Differential Heat Equations Question

Can anyone help with the following maths question:

**Show that the function:**

u(t,x)=f(y), where y=((2x)/sqrt(t))

is a solution of the heat equation:

partialderivative(u) / partialderivative(t) = partialderivative(u)^2 / partialderivative(x)^2

(where the partialderivative(u or x)^2 is the second derivative)

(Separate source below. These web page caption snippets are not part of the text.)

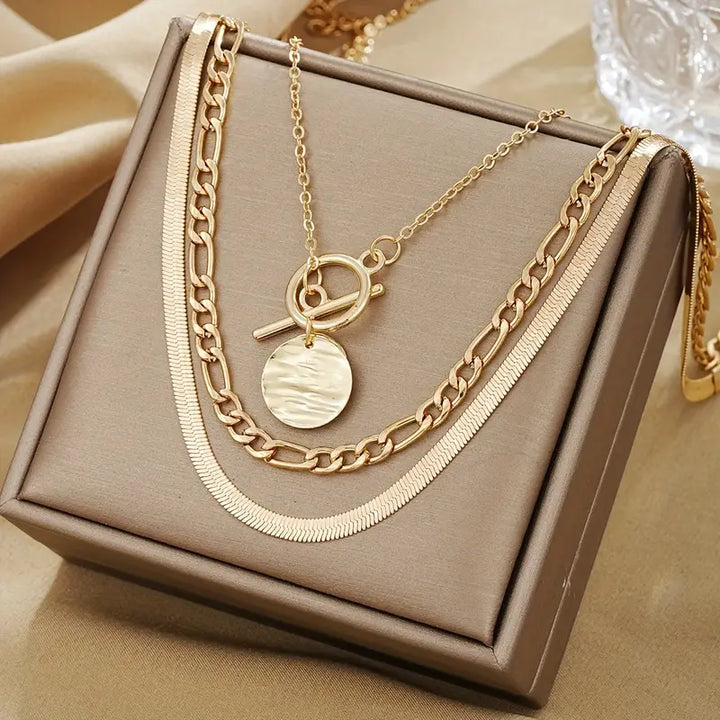 Collana Multistrato Savira | Oro
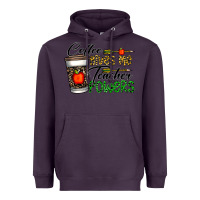 Plum coffee gives me teacher powers Heavyweight Hoodie - CowhideDigitalArt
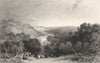 DURHAM. Barnard Castle, Durham (Allom)  1832 old antique vintage print picture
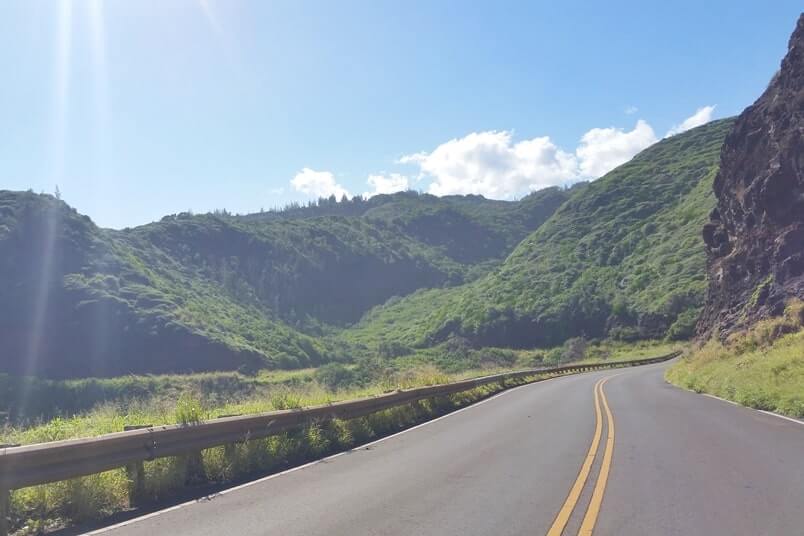 Driving from Nakalele Blowhole parking. maui hawaii travel blog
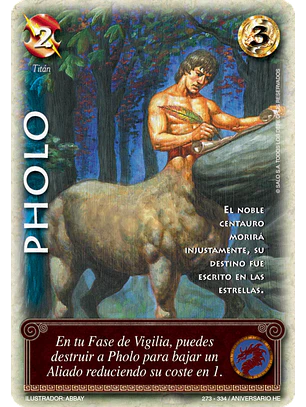 Pholo (HELENICA ANIV - Vasalla)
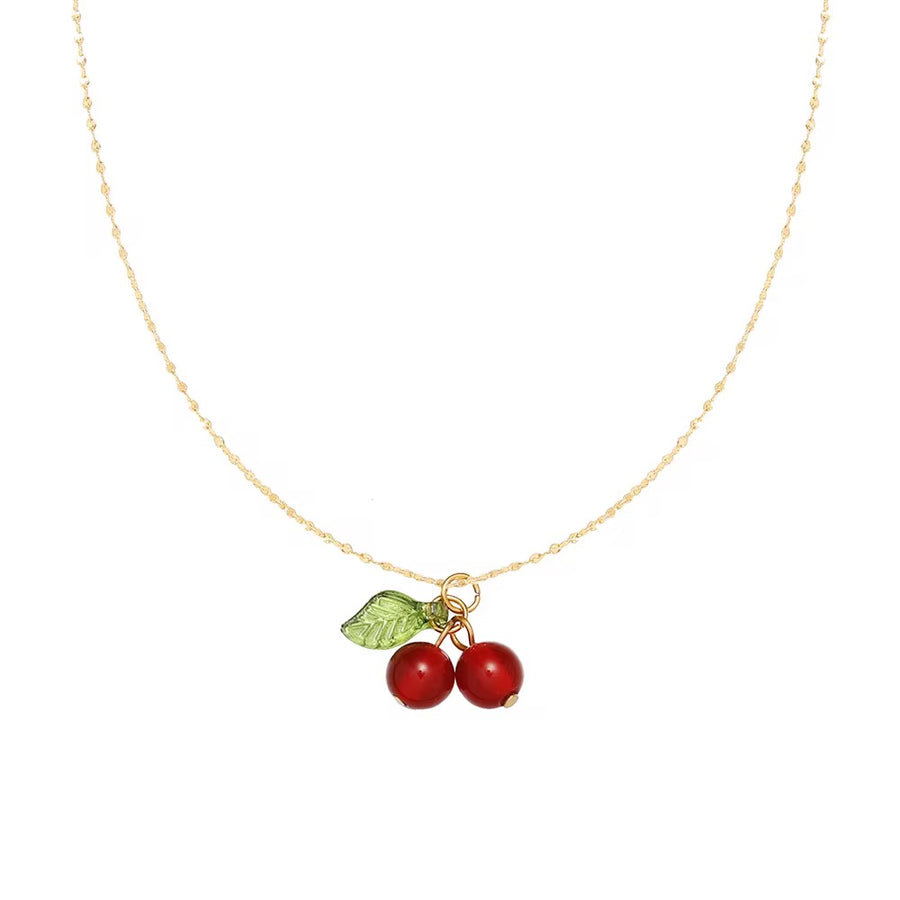 The Cherry Necklace - Gold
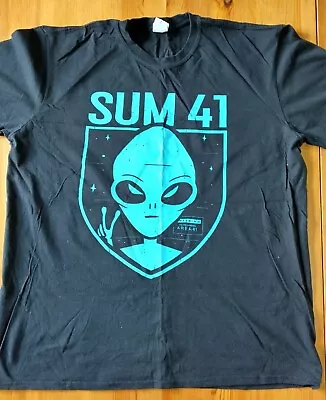 Buy Sum 41 Alien 2017 Europe Tour Mens XL T-shirt  • 9.99£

**provided that f(y) satisfies 8f''(y) + yf'(y)=0**

Thanks in advance!

Re: Differential Heat Equations Question

Quote:

Originally Posted by

**AlanC877** Can anyone help with the following maths question:

**Show that the function:**

u(t,x)=f(y), where y=((2x)/sqrt(t))

is a solution of the heat equation:

partialderivative(u) / partialderivative(t) = partialderivative(u)^2 / partialderivative(x)^2

(where the partialderivative(u or x)^2 is the second derivative)

**provided that f(y) satisfies 8f''(y) + yf'(y)=0**

Thanks in advance!

You just need to use the chain rule

$\displaystyle \frac{\partial u}{\partial t} =f'(y) \cdot \frac{\partial }{\partial t}\left(\frac{2x}{\sqrt{t}} \right) =-\frac{x}{t^{-\frac{3}{2}}}f'(y)=-\frac{y}{2t}f'(y)$

Now see if you can do the same thing with the x dervaitves.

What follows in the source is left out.